Redundancy. You had to squeeze either the left or the right while the auger or drive was engaged so that if you fell the machine would shut off. A lot of people taped them down or removed them.


----------



## Blizzard440 (Jan 24, 2017)

SnoThro said:


> Redundancy. You had to squeeze either the left or the right while the auger or drive was engaged so that if you fell the machine would shut off. A lot of people taped them down or removed them.

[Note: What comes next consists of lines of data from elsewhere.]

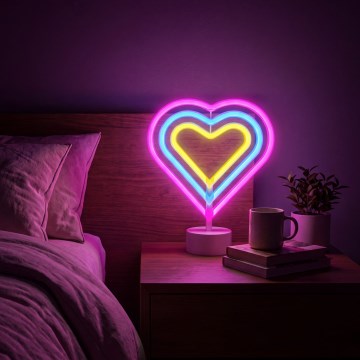 Decoración de mesa LED tipo neón LED/2W/3xAA USB corazón
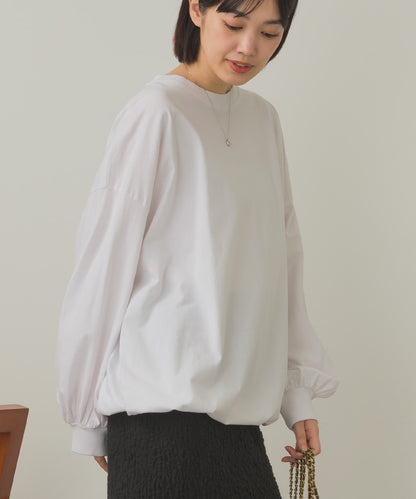 バイオポリウォッシュ袖ボリュームヘムギャザーTシャツ[1001-6226]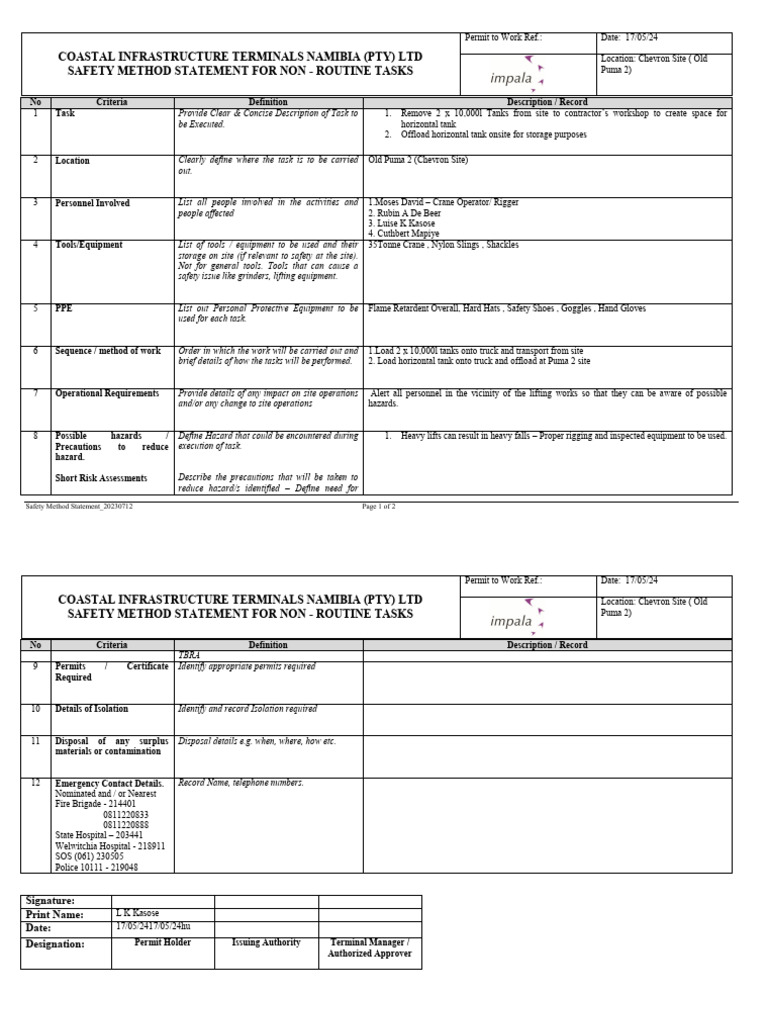 Safety Method Statement for Tank Removal | PDF | Safety | Occupational ...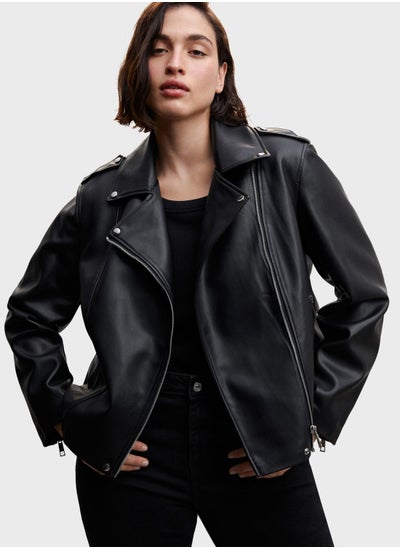 Buy Zip Detail Pu Jacket in Saudi Arabia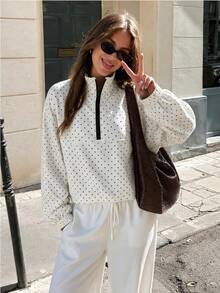 Women's Fashion Half-High Neck Jacket With Pockets, Zipper And Polka Dot Decoration - White - View 6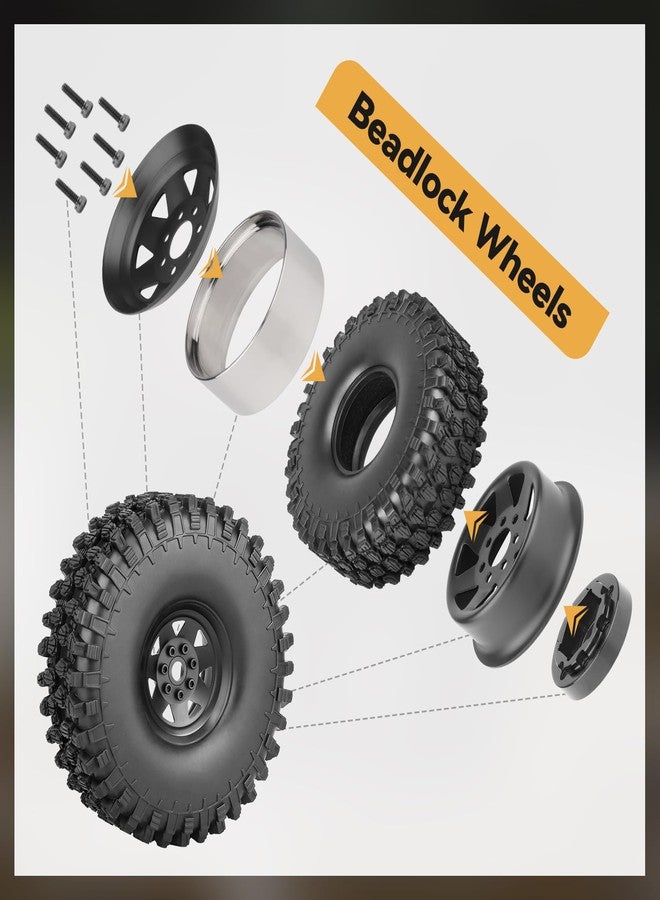 AllinRC RC Crawler 1.9 Beadlock Wheels and Tires All Terrain 1.9 Tires for Axial SCX10 SCX10 II TRX4 Redcat Gen8 RC4WD 1/10 Scale Rock Crawler (Black) - Image 5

ok Thks so it dosn,t fall neutral like newer blowers to change gears or stop auger while running.


----------



## UNDERTAKER (Dec 30, 2013)

Blizzard440 said:


> ok Thks so it dosn,t fall neutral like newer blowers to change gears or stop auger while running.

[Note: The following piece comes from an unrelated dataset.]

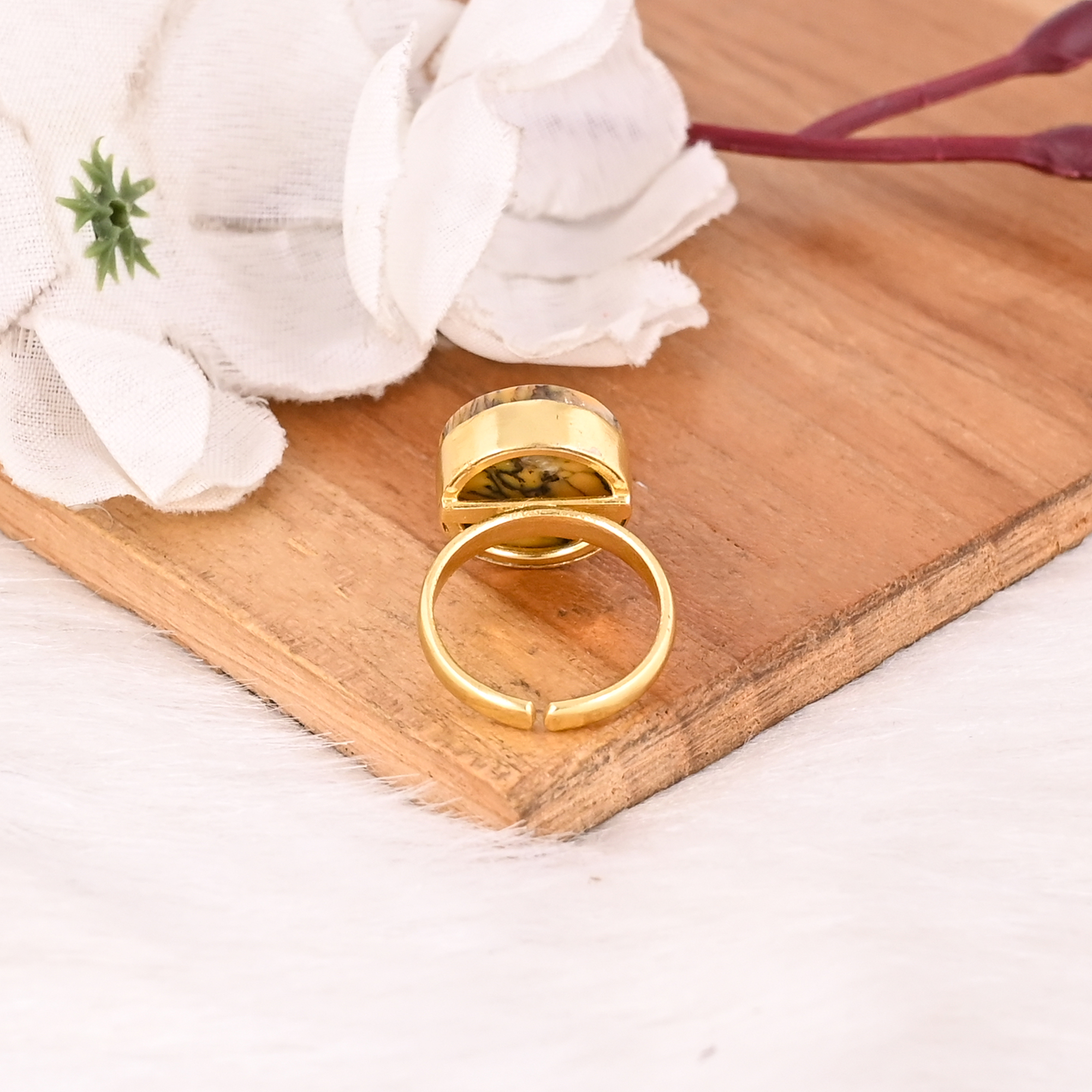 Natural Yellow Dendritic Opal Gold Plated Brass Ring Handmade Boho Gemstone Jewelry for Women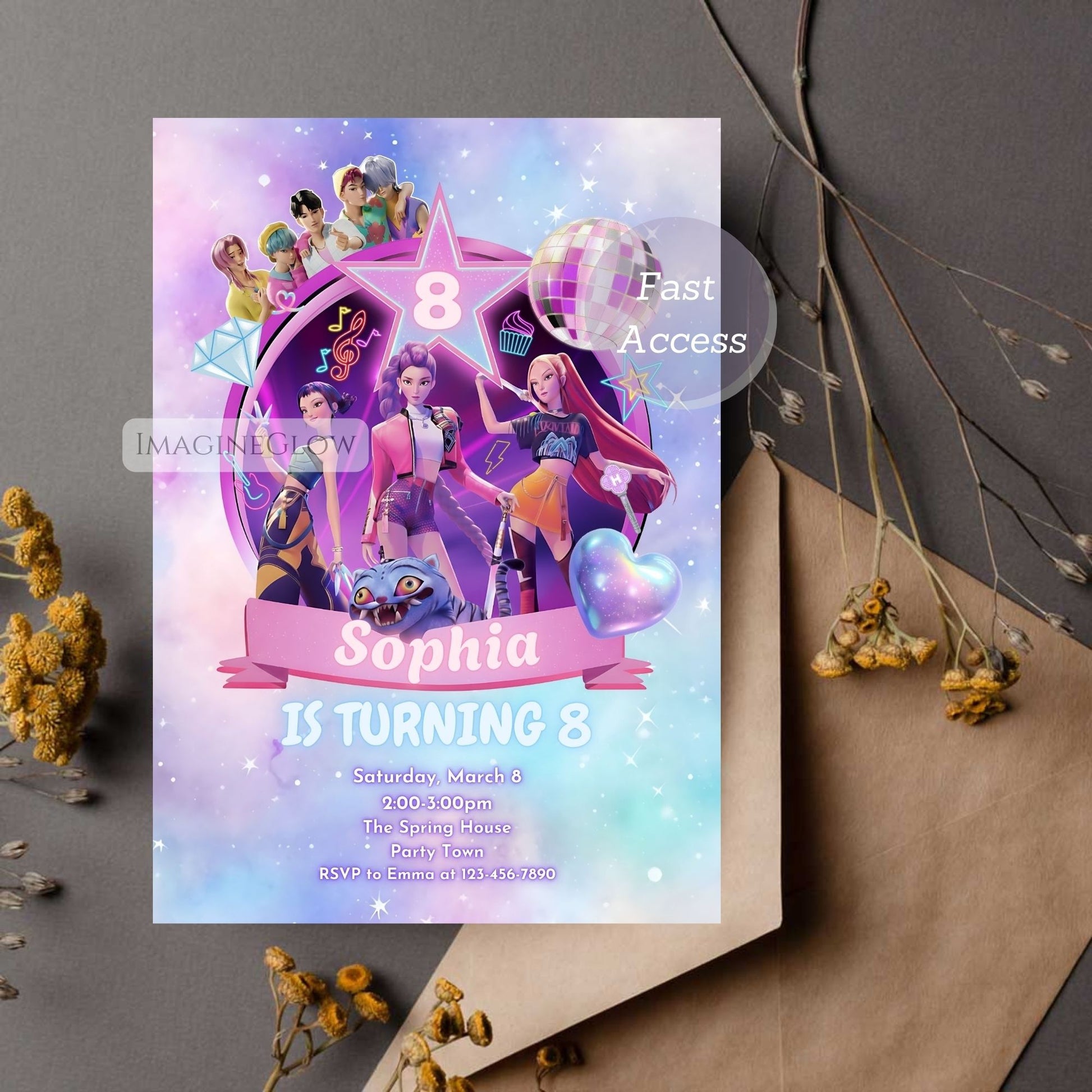 editable anime party invitation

* They are called DEADMAN SWITCHES. you have to keep 1 paw locked down on it. in order to do anything. If you are tooling along down a big open highway and slip and fall the ENGINE is now DEAD ON ARRIVAL. But if the contacts on the handle bars are shot or gone with the Schwinn those parts are now all NLA!!!!!!!!!!!. Had them on "SR" when I raised him up from THE DEAD. Have no clue if they still worked or not so I just ripped them off of him. As long as you have 1 paw clamped down on them. you can double clutch shifting gears till the cows come home to be milked. k:k:k:k:k:k: *


----------



## Blizzard440 (Jan 24, 2017)

POWERSHIFT93 said:


> * They are called DEADMAN SWITCHES. you have to keep 1 paw locked down on it. in order to do anything. If you are tooling along down a big open highway and slip and fall the ENGINE is now DEAD ON ARRIVAL. But if the contacts on the handle bars are shot or gone with the Schwinn those parts are now all NLA!!!!!!!!!!!. Had them on "SR" when I raised him up from THE DEAD. Have no clue if they still worked or not so I just ripped them off of him. As long as you have 1 paw clamped down on them. you can double clutch shifting gears till the cows come home to be milked. k:k:k:k:k:k: *


THKS for the info.!


----------